▶ [Work instructions] Write out again, exactly, the lines below starting at the one with "2015 Ferragamo women flats shoes" and ending at the one with "<em>McMinnville</em> - The".

▶ [Records for the task]
□ □ □ □ □

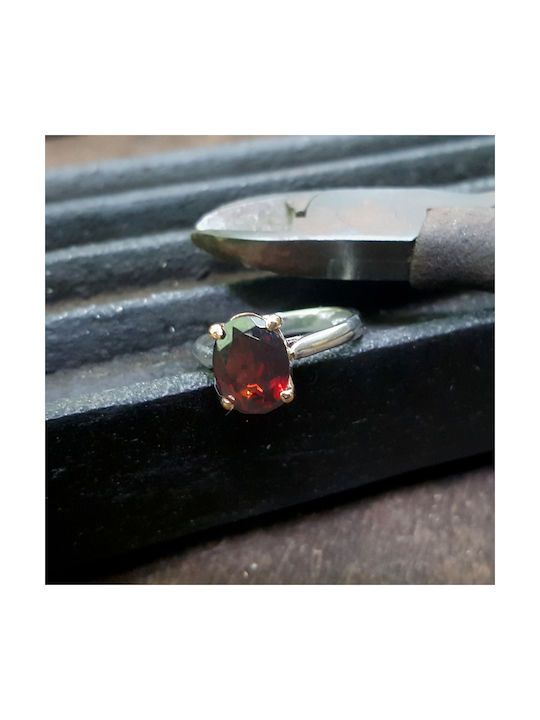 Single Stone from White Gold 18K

□ □ □ □ □

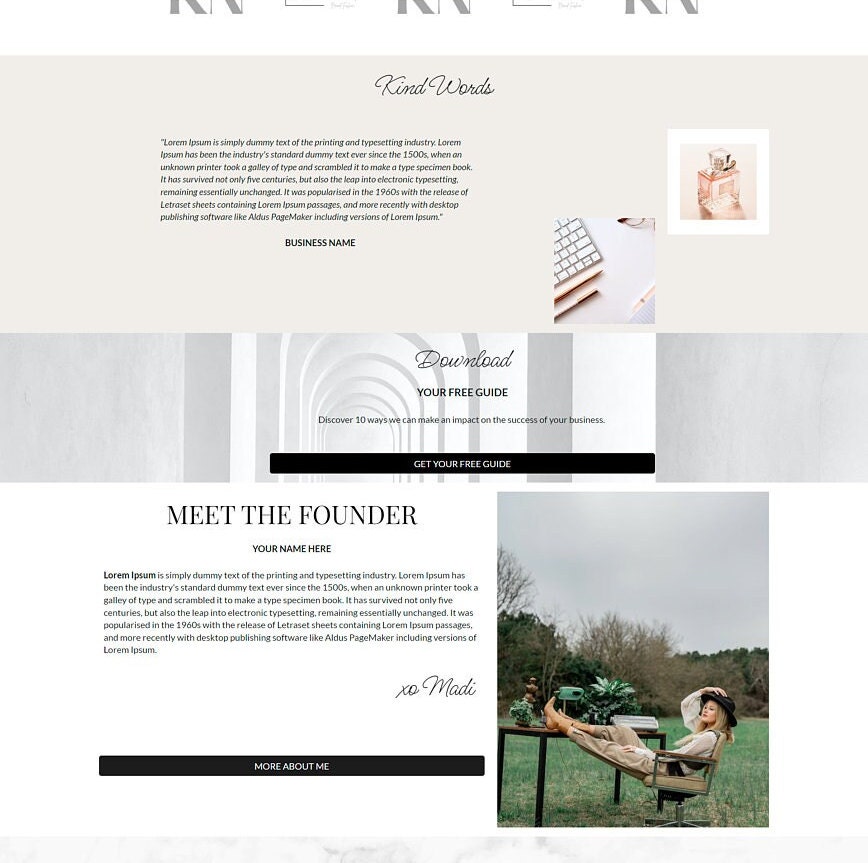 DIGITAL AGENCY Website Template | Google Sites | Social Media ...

□ □ □ □ □

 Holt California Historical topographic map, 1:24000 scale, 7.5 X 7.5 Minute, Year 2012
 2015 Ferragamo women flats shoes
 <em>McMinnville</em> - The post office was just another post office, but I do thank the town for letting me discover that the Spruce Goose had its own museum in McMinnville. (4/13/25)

□ □ □ □ □

▶ [Answer section]
 2015 Ferragamo women flats shoes
 <em>McMinnville</em> - The post office was just another post office, but I do thank the town for letting me discover that the Spruce Goose had its own museum in McMinnville. (4/13/25)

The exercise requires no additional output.